CBSE NOTES CLASS 9 SCIENCE CHAPTER 7
Difference in characteristics of various organisms is called diversity.
Different kinds of life forms show great diversity among themselves in following ways,
Size: From microsercopic bacteria of a few micrometers to blue whale (30 metres) and red wood trees of California (100 metres).
Life Span: Insects (few days) to pine trees (thousands of years).
Colour: Colourless or even transparent worms to brightly coloured birds and flowers.
Habitat – The place of living. For example, Land, Water, Air, Cold climate to hot deserts
The variety in organism and the diversity is very vast and it is almost impossible to study them individually. To make the study of living things systematic and easier, we put them into different classes, groups and sub groups on the basis of similarities and differences in their body design in form and function.
What is the basis of classification of organism?
Characteristics - a characteristic is a particular form or a particular function.
A hierarchy of mutually related characteristics is used for classification.
Some characteristics are more basic than others. Important characteristics used for hierarchical classification are
(i) Cell Type – Prokaryotic or Eukaryotic.
(a) A eukaryotic cell has membrane-bound organelles, including a nucleus, which allow cellular processes to be carried out efficiently in isolation from each other.
On the other hand Prokaryotes, i.e., organisms which do not have a clearly demarcated nucleus and other organelles would need to have their biochemical pathways organised in very different ways.
(b) Nucleated cells can participate in making a multicellular organism because they can take up specialised functions.
Therefore, this is a basic characteristic of classification.
(ii) Uni-cellular or Multi-cellular –
Uni-cellular organisms perform all the life processes using the single cell.
On the other hand, multicellular organism use the principle of division of labour.
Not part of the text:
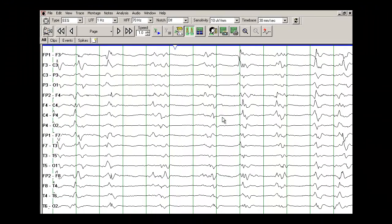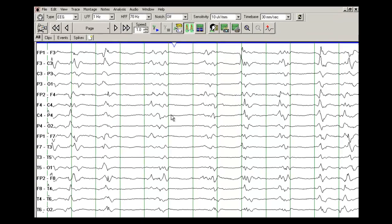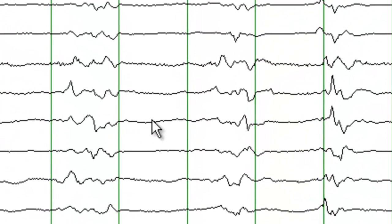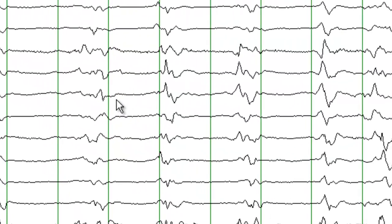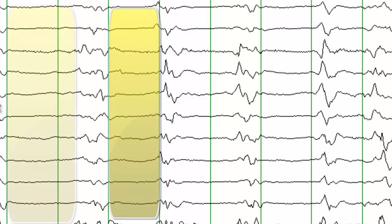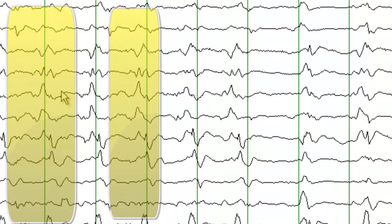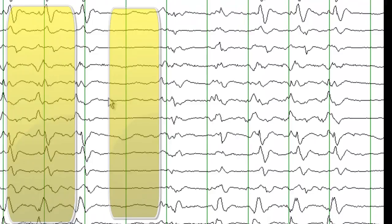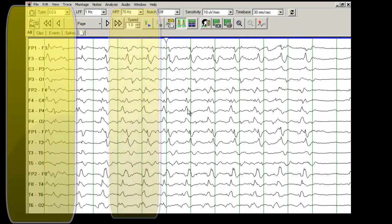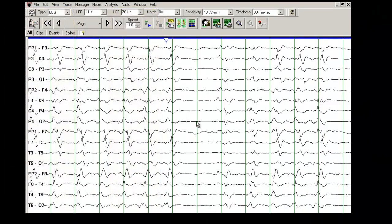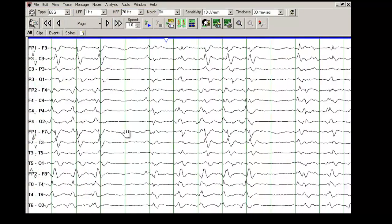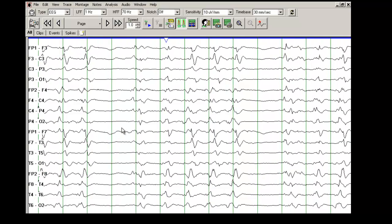And we will proceed on. The other noticeable finding on the EEG is these periods of suppression that last anywhere from one to one and a half seconds right here. So we will move on. And you keep seeing these suppressed amplitudes. When we say suppressed amplitudes, if you measure the amplitudes here, these are less than 5 µV.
In such a body design, all cells would not be identical. Groups of cells will carry out pecialized functions.
This makes a very basic distinction in the body designs of organisms. As a result, an Amoeba and a worm are very different in their body design.
(iii) Autotrophic or Heterotrophic - Do organisms produce their own food through the process of photosynthesis?
Being able to produce own food versus having to get food from outside would make very different body designs, necessary. Hence plants and animals form different groups.
(iv) Level of organisation of body, how does the individual’s body develop and organises its different parts, and what are the specialized organs found for different functions?
The characteristics of body design used for classification of plants will be very different from those important for classifying animals.
This is because the basic designs are different, based on the need to make their own food (plants), or acquire it (animals). Therefore, these design features (having a skeleton, for example) are to be used to make sub-groups, sub groups among plants and animals.
Evolution & Classification
Evolution: The process by which different kinds of living organism are believed to have developed from earlier forms by accumulation of changes in body design that allow the organism to survive better, during the history of the earth.
Some characteristics are likely to make more wide-ranging changes in body design than others. Time also plays a big role. So, once a certain body design comes into existence, it will shape the effects of all other subsequent changes, because it already exists.
Characteristics that came into existence earlier are likely to be more basic and likely to be found in larger portion of the population than characteristics that have come into existence later.
Primitive and advanced body designs
A primitive organism is a lower organism which exhibits simple body structure and simple organization. They are said to have ancient body designs.
An advanced organism exhibits complexity in the body structure and organization. They are said to have advanced body designs. These organisms show high level of division of labour, by formation of organs and organ systems.
The changes in the body structure and design may result from adaptations developed by the organism to the environment.
In reality, these terms are not quite correct since they do not properly relate to the differences. Complexity of design does not mean efficiency or better adaptation to the environment.
We can only say that some are ‘older’ organisms, while some are ‘younger’ organisms. Complexity in design increases over evolutionary time. Hence older organisms are simpler, while younger organisms are more complex.
Biodiversity means the diversity of life forms and refers to the variety of life forms found in a particular region.
Diverse life forms share the environment, and are affected by each other.
The diversity in such communities is affected by particular characteristics of land, water, climate, and so on. Humans have changed the balance of such communities.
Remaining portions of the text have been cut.